When I arrive on a new site I normally use a polarity tester plug to check for electical safety. In case you haven't seen one, it has 3 led lights mounted onto a 13 amp plug type unit. All three lights should be illuminated if everything is ok. The plug has a description of what the different light patterns mean. Have a look here for a description Mains Tester Plug

I agree with Rupert1 that reverse polarity should not really cause a problem in normal circumstances but when I was last in Spain, I visited 4 or 5 sites with bad earth connections which caused some odd occurences.

I have made up a short extension lead with live and neutral reversed at the blue connector to correct the polarity issue when necessary.


----------



## thePassants (Feb 9, 2009)

*Reverse polarity / 'socket testers'*

OK, plug-in socket testers (of the type described in previous post):

They'll detect; L / N reverse, L / E reverse, but not N / E reverse. 
They also warn of the complete absence of E, (or of L!)
So, anyone armed with one of these should not be under the impression that it tests for a 'good' earth, or can vouch for the safety of a circuit.


----------



## Bacchus (Mar 27, 2008)

I agree, for a modern motorhome protected by double pole MCBs there should not be a problem but I've seen single pole MCBs fitted and if you connect up a deffective appliance to a supply with reverse polarity then you could end up in trouble.
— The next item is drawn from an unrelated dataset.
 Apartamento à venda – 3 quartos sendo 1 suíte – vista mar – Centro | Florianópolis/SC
I carry out a check using a plug-in circuit tester every time


----------



## thePassants (Feb 9, 2009)

Bacchus said:


> I agree, for a modern motorhome protected by double pole MCBs there should not be a problem but I've seen single pole MCBs fitted and if you connect up a deffective appliance to a supply with reverse polarity then you could end up in trouble.
> 
> I carry out a check using a plug-in circuit tester every time


I'm intrigued now.

Mine is a Belgian model of 2005, and has a Double Pole RCD Isolator, and Single Pole MCBs for each circuit.
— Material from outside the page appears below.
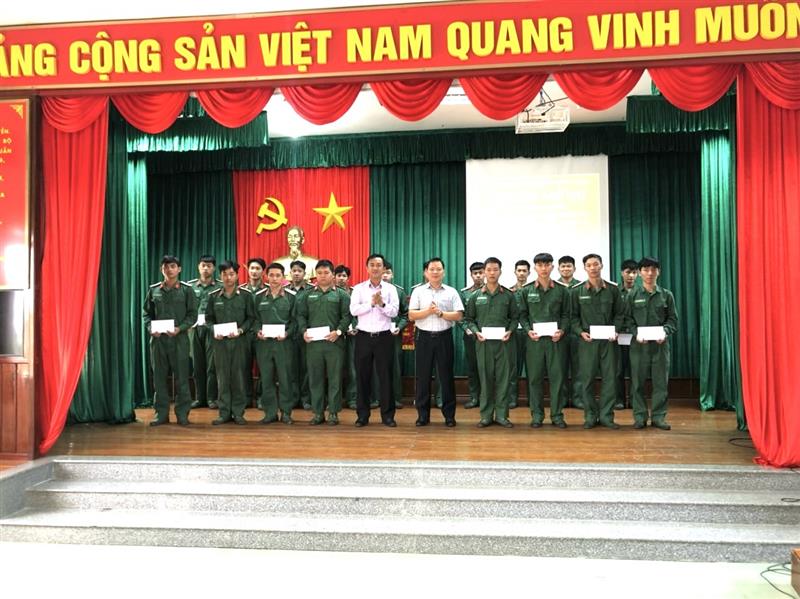 Huyện Đạ Tẻh đón quân nhân xuất ngũ về địa phương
I've never seen a more modern arrangement with Double Pole MCBs (presumably a DP RCD too): Has anyone got a picture of a new MHs Distribution Board so I can see what the current (no pun intended) models have?


----------



## Annsman (Nov 8, 2007)

On our 2008 Cheyenne this year we stayed on some sites in Europe where he red warning light came on, so I put my reversed wire connector into the box and hooked up using that. The red warning light stayed on! Everything worked ok though so perhaps you should ask Autotrail why yours is tripping out. They are uually good at answering e-mail enquiries if you don't want to ring from germany.


----------



## Sargent (Feb 1, 2008)

Hi BillyR the loss of power is most concerning as this may be a loose connection somewhere from the inlet plug to the PSU.
It may be worth doing some quick checks on the connections (with the power disconnected) to check all of the terminals and plugs are connected correctly.
If you check the back of the inlet plug first and then the black connector in the base of the PSU this should be a good place to start? if you are struggling or need to talk to someone then please either PM us or ring 01482 678981

Best regards

Ian Sargent


----------



## BJT (Oct 31, 2008)

Reverse polarity should not cause an earth trip , it only a problem with power overload on a single pole circuit breaker.
You might have a neutral/earth reversal situation
I suggest you get one of the mains polarity testers as advised in an earlier reply. They are from Amazon so you should be able to get one on line easily. 
You also need to check both ends of the hook up cable to see if the connections are correct.
Brown - line, blue - neutral, green/yellow - earth.
I suggest you also check the cable for signs of damage, you will need to pull it through your fingers feeling for deep cuts or 'lumps' under the sheathing. Any damage throw it away, after making sure it cannot be used any more, and fork out for a new hook up lead. 
Beyond this you will need to check every power point for damage and faulty connection; but if you are not familiar with electrical installations I strongly recomment you get someone competent to do the job for you.


----------



## thePassants (Feb 9, 2009)

BJT said:


> Reverse polarity should not cause an earth trip , it only a problem with power overload on a single pole circuit breaker.
> You might have a neutral/earth reversal situation
> I suggest you get one of the mains polarity testers as advised in an earlier reply. They are from Amazon so you should be able to get one on line easily.
> You also need to check both ends of the hook up cable to see if the connections are correct.
> ...


As stated previously:

* Socket testers DO NOT detect N / E reverse, and DO NOT confirm the safety of a circuit*

see previous post.


----------



## tony50 (Oct 16, 2007)

BillyR said:


> I have recently bought a Autorail Miami - I am based in Germay and when I have used local campsites my negative polarity light comes on in my fuse box thing. Shortly after that I lose mains power. I don't seem to have a switch to reverse it. And you can't just turn the plug upside down as someone suggested because the campsites I've used, use the blue 3 point plug not the normal domestic 2 point. I hope all that makes sense to someone. Please advise how I sort the problem.


As with another posting today especially with Mains electricity, I would advise you get professional advice ,after all "you are a long time dead " !!


----------